Dating & Motherhood: Letting go & holding on


I have been dating Boots for several weeks and it is really good. We are having a wonderful time together. I feel happy when I am with him and miss him when I am not. He makes me laugh, think, and hope. He's become important to me in ways that are both comforting and surprising. His opinion matters and I value his input.

Boots is thoughtful with his decisions and doesn’t rush to judge, much like my son. I’m not at all like that so I appreciate this trait. We are learning about each other and I smile when I come across things he has in common with my son or my dad. Dating is hard and when you go from dating many to dating just one, it can become scary.

Not scary in a bad way, but in a way that makes me look backwards at the same time I look ahead. It is impossible to build a relationship with someone without thinking about past experiences. Boots and me are being cautious as we both come to the table with a bit of heartache, but our hesitation is trumped by real happiness.

Two things happened this week that changed how I view things. First, my sister Roni sent a gift from Canada. It was something for both of us, which was strange but cute. I knew a package was coming, was instructed to open it with Boots, and told it was for us as a couple. Both of our families refer to us as a couple but I don’t think we ever have.

When the package arrived I think I actually squealed it was so good. My sister sent us a set of shot glasses. Not just any shot glasses, but shot glasses in the shape of “BOOTS”. They are fantastic and the loveliest gesture. It made me cry. To be fair I cry at everything, but I cried because they allowed me to also see us as a couple.

It was a sweet moment and one I will forever treasure with my sister. I've been nervous to get back out there and for my sister to assure me it was okay to jump in with Boots, was special. I love her very much and while she has never met him, she knows me and her support is invaluable. The shot glasses are perfect and we love them.
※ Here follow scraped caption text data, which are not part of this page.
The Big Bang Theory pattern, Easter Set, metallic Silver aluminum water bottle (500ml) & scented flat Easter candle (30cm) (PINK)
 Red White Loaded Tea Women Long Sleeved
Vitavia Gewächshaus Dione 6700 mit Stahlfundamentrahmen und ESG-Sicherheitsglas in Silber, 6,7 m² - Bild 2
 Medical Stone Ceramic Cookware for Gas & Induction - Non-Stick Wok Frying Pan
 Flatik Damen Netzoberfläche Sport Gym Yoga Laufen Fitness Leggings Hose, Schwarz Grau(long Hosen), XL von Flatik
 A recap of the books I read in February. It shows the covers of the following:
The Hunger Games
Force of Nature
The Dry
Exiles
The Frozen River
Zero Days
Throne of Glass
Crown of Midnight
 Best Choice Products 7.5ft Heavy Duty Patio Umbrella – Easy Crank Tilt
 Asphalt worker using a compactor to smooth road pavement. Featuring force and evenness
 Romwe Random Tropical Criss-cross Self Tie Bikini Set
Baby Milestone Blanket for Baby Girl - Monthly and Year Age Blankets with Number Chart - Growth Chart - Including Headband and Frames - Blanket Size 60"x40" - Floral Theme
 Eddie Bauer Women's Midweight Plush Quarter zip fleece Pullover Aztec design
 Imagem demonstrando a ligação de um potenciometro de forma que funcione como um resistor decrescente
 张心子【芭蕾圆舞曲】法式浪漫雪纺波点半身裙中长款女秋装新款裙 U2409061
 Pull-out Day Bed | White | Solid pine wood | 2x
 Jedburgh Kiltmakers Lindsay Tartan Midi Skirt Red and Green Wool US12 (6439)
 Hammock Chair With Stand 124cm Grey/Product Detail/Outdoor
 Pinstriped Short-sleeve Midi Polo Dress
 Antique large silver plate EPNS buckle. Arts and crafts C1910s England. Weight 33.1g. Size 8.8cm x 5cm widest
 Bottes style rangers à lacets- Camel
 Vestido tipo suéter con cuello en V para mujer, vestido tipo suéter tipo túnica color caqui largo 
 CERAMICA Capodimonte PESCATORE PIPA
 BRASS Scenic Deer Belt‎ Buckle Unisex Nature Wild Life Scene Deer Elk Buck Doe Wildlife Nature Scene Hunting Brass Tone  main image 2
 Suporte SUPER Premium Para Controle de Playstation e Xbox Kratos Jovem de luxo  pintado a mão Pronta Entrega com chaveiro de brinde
The second game changer came when my son took Boots and me out to dinner. He wanted to buy Boots a belated birthday dinner and took us out for an Indian feast. It was very sweet. I'm proud of the man he has become and very aware it is both because of me and in spite of me. My son is a wonderful human being and dinner was enlightening.

Yesterday was a hard day for me. I had some personal things going on and had to deal with sad stuff. My darling son has a front row seat and that is hard for me. It breaks my heart when he sees me cry. I just don’t think a child should see his mother cry. It is said God counts the tears of women and I often wonder if my son has counted mine.

We have been through a lot together and our bond is unbreakable. He has seen my heart broken and he alone has mended it. He's the most important person in my life and to have a relationship with a man, when my boy is now a man, is strange. He was a kid during my past relationships so it's been hard to know how to navigate things.

Dating when you are a mother is hard. Dating when your child is grown up and doesn’t need you in the same way, is harder. I have defined myself as a mother for 20 years and am not sure what my role is now. My son needs freedom, Boots doesn’t need another mother, so I’m left with a void that might only be filled at an animal shelter. 

As we sat down to dinner and I listened to Boots and my son speak to each other, I felt happy. There is mutual respect between them, which is important. My son is getting ready to live on his own and while he is quite certain he’s going to be fine, he worries about me. He will live with his friends and I’ll live alone for the first time in my life.

Crazy to think about the fact I’ve never lived alone. I will be fine of course because I am now a bad ass biker chick, but it is scary for me and for my son. Last night I felt comfortable about his moving out for the first time. I saw him as a man picking up the check, visiting with his mother, chatting with Boots, and it was clear he’s grown up.

He’ll move out, chase his dreams, become successful, meet a girl, get married, have kids, and God willing be able to pass on only the good from me and forgive the bad. It is Time for me to stop worrying about him so much. Without knowing, he gave me permission to not hold his hand so tight so I can hold onto Boots’ hand a little tighter.

I have raised a good man and I am dating a good man. It is time to release the past and look forward to what will happen in the future for my boy, Boots, and myself. I seriously need to relax, but when that is hard to do, I can simply take a shot of tequila out of a boot, say a prayer, hope for the best, and keep the faith.